Et si on inversait les rôles ?

Quand les actrices parlent de ce qu’elles connaissent, c’est évidemment les coulisses du monde du théâtre qui s’ouvrent à nous. Or, comme doit le savoir toute personne ayant un peu suivi l’actualité de cette semaine, celles-ci ne sont pas très roses – et pas seulement en termes de statistiques paritaires. Sur scène, on s’écharpe devant nos yeux entre partisanEs d’un « rafraîchissement » des classiques et partisans de la fidélité au « texte sacré », dont il s’agit de rendre l’esprit, si sexiste soit-il. Les femmes ne jouent que des rôles de bonnes épouses soumises ou d’amantes à prendre de gré ou de force ? Quel est le problème, puisque tels sont les livres ? Et si, pourtant, on inversait les rôles ?

De son côté, l’actrice Lilla Sárosdi, qui, malgré le talent indéniable de ses collègues, crève le rideau à chaque apparition, dénonce avec courage le metteur en scène qui fut son agresseur alors qu’elle avait 17 ans. Elle raconte aussi les réactions décevantes de son entourage professionnel lorsque, des années plus tard, elle trouva la force d’en parler. Un récit intime qui sublime par l’art la technique militante du call out popularisée par le mouvement #MeToo.

(c) Adèle Thivillier

Alors, femmes comme objet de désir, censées exciter le génie du metteur en scène, femmes-actrices convoitables dont le corps appartient aux hommes, femmes-personnages dont l’existence se réduit à ce qu’elles inspirent aux hommes, femmes toujours perçues avant tout comme femmes dans un milieu encore très dominé par les hommes – tel est le panorama de la scène qui nous est offert sur scène par des gens de la scène. On comprend bien, dès lors, l’impérieux titre de la Tribune publiée le jour même de la première dans Libération : « #MeTooThéâtre : après la libération de la parole, l’urgence des actes ».

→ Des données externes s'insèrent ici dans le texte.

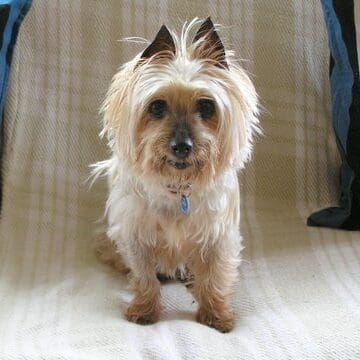 Tullie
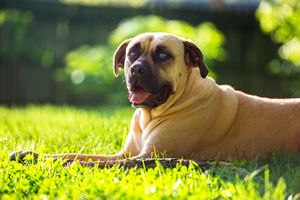 A portrait of a Mastiff mix puppy outside sitting in the grass, back lit by late afternoon sun. Mastiff in the Sun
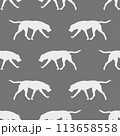 Seamless pattern. Running russian hound isolated 113658558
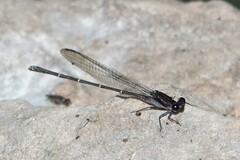 Argia tezpi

Et les hommes, dans tout ça ?!

Un thème difficile à traiter : celui de la place des hommes blancs cis et hétérosexuels dans une société post #MeToo.

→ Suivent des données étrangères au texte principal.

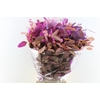 Euca Populus Berry Purple Mix 300 Gram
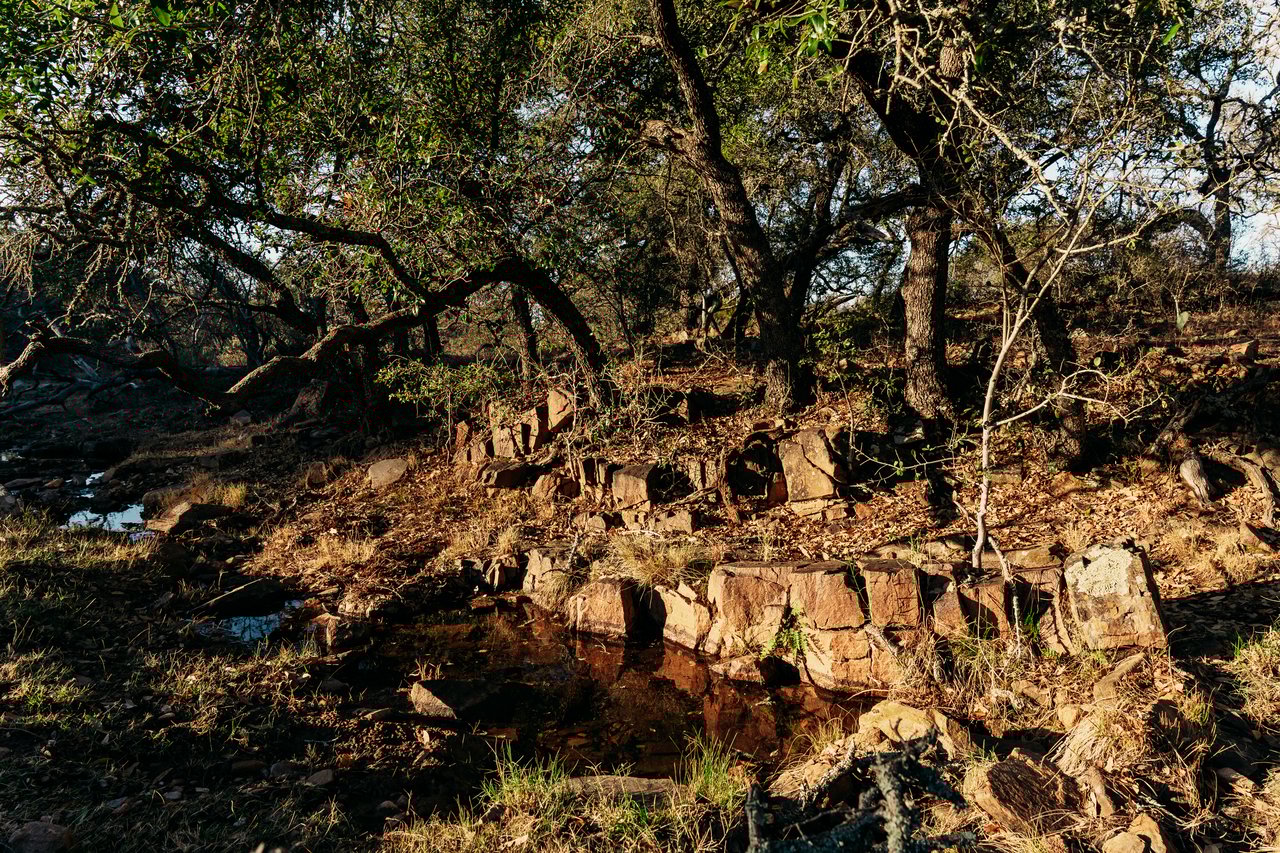 510 Carls Pass Llano County 378 Acres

Pas de panique. Aussi mixte à la mise en scène qu’au jeu, la troupe ne se contente pas du seul point de vue des femmes et aborde un thème difficile à traiter : celui de la place des hommes blancs cis et  hétérosexuels dans une société post #MeToo. Thème difficile, car il est rare de le voir abordé sans sombrer dans la caricature ou la fausse victimisation. Il faut pourtant saluer la finesse du propos aussi bien que l’esthétique qui l’introduit, et dont je ne veux pas gâcher la surprise. Je dirai seulement que les amateurices de surréalisme en prendront plein les yeux.

Pour une fois, ce n’est donc pas de la peur de fausses accusations dont parleront les hommes, ou de « on ne peut plus draguer / on ne peut plus rien dire » ou encore de galanterie, tant de sujets qui peuvent légitimement faire lever les yeux au ciel. Le texte ne sera pas une réécriture ou une réinterprétation de Platonov, dont le titre original se traduit par Le fait social de ne pas avoir de père, et dont Lara Marcou m’a expliqué qu’après de longues recherches, elle n’y a vu l’absence de père nulle part, mais le connard partout. On parlera plutôt dans Ainsi passe la gloire du monde d’un sentiment de culpabilité généralisé, de l’héritage d’une éducation défaillante, d’un difficile rapport au désir, au fantasme, à l’impuissance qui en découle, et qui se confond de manière tourbillonnaire à la peur du temps qui passe, ce temps qui comme le titre de la pièce fait penser à la mort. Le tout sur fond de musique rock tantôt oppressante, tantôt nostalgique, tantôt entraînante et libératrice.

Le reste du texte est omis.